Extracting cash tax-free from a company

For 99.9% of the time, New Zealand companies are incorporated to operate a business and derive income. On establishment, the focus tends to be on items such as:

  • whether a company is the appropriate vehicle, e.g. does limited liability protection warrant it;
  • who should own the shares, e.g. in personal names or in a Trust; and
  • who should be appointed director.

Understandably, the initial focus is not necessarily on how business income will be extracted, or how the business will eventually be sold. However, with the difference between the company tax rate (28%) and the top personal and trust tax rates (39% from the 2024/25 year) increasing to 11%, a material barrier will exist to extracting taxable value from a company. This makes it important to ensure value is able to be extracted tax-free where possible.

In a simple sense, a company’s assets minus liabilities equals the ‘value’ or equity of a company. Equity is made up of available subscribed capital (ASC), accumulated taxable income, and/or capital gains (whether realised or unrealised).

ASC represents the cash put into a company by its shareholders. For example, if the shareholders paid $100,000 for 100,000 shares at $1 each, ASC of $100,000 exists.

ASC represents a pool of funds that is able to be paid to shareholders tax-free, subject to meeting specific criteria.

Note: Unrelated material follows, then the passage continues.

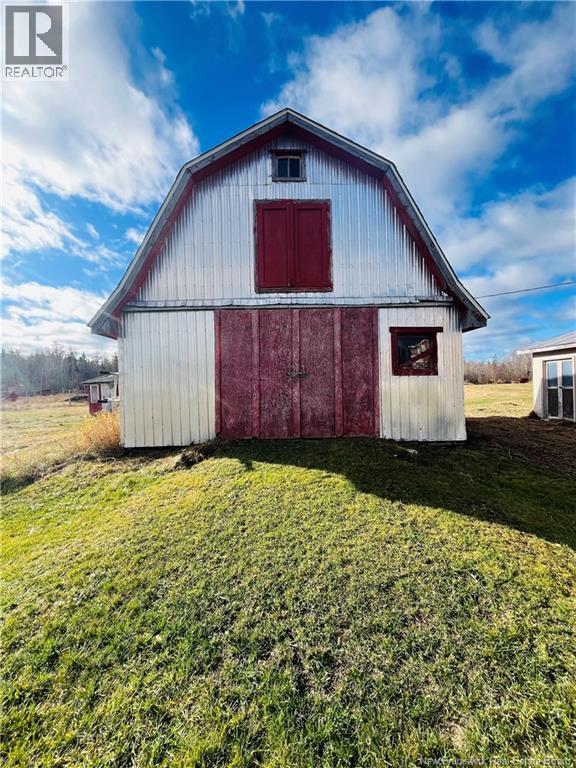 22 Barrieau Street, Miramichi, New Brunswick  E1N 4V3 - Photo 5 - NB130065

For example, in the event of a pro-rata share repurchase and cancellation, the amount paid might be tax-free if it is at least 15% of the market value of all participating shares in the company (or 10% if approved by Inland Revenue). Another requirement is that the share purchase amount cannot be in lieu of a dividend.

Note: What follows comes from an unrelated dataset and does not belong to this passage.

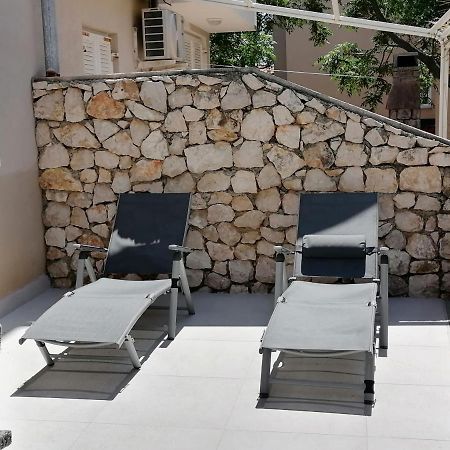 Apartment Nano-Maris Новалья Экстерьер фото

Capital gains can only be extracted tax-free on liquidation. This often results in capital gains becoming trapped if a company can’t be struck off because it owns other assets. For this reason, land is sometimes held in separate, special purpose companies to enable easy extraction (by way of winding up the company) in the event the land is sold.

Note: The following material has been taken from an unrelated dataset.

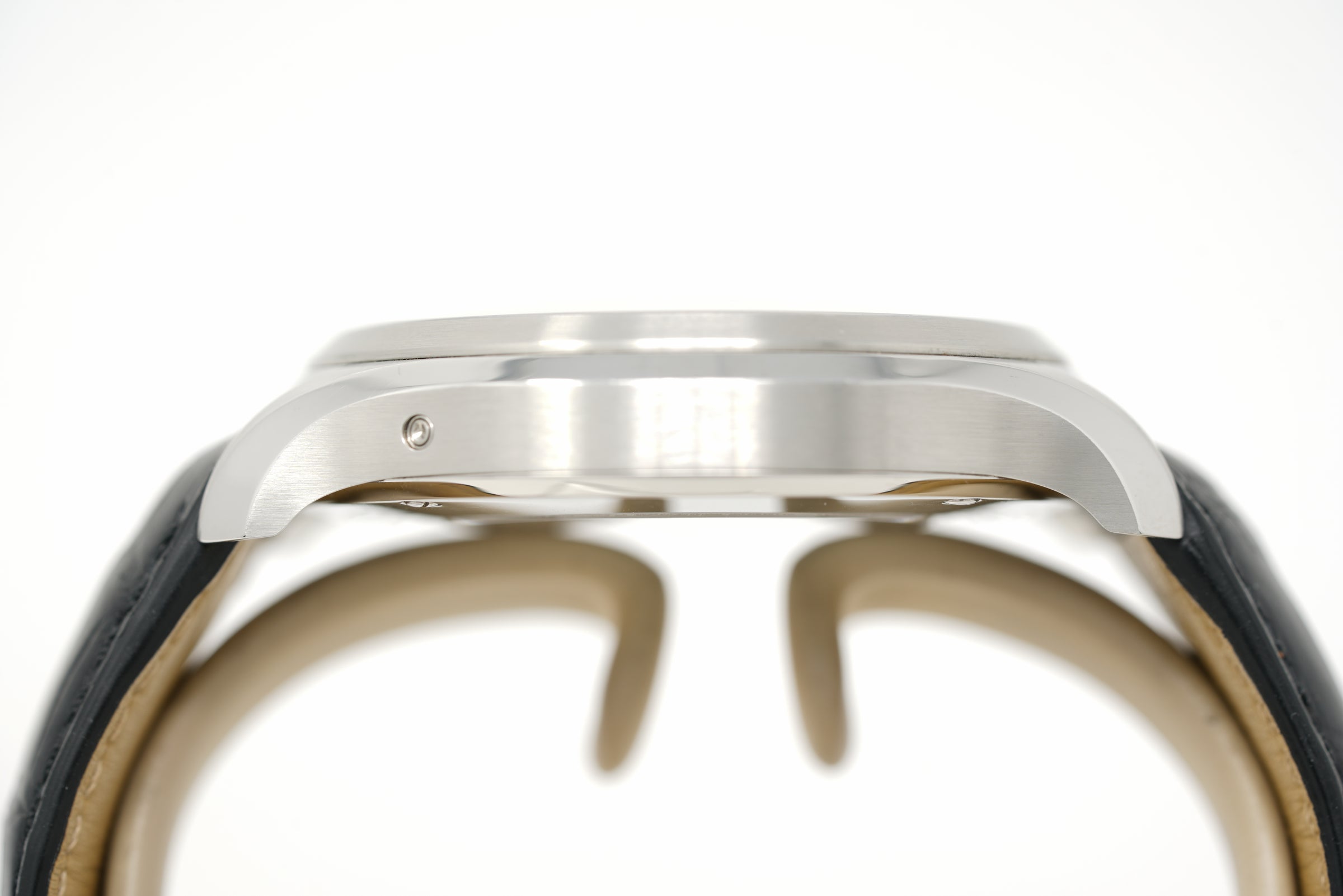 Pre-Owned Baume & Mercier Clifton 10316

Finally, another option comes into play when it’s time to sell the business to a third party. If a company is ‘pregnant’ with taxable value, the company’s shares could be sold to another company. Assuming the shares are held on capital account, the exiting shareholder should derive a non-taxable capital gain. Future extraction of that value is not necessarily taxable to the purchaser.

A landscape will exist where the difference between the 28% rate and 39% rate is material and will inevitably lead to actions to mitigate the higher rate where possible, but it is also a complicated area that Inland Revenue will likely focus. Hence, with any tax mitigation strategy, risk versus reward will come into play.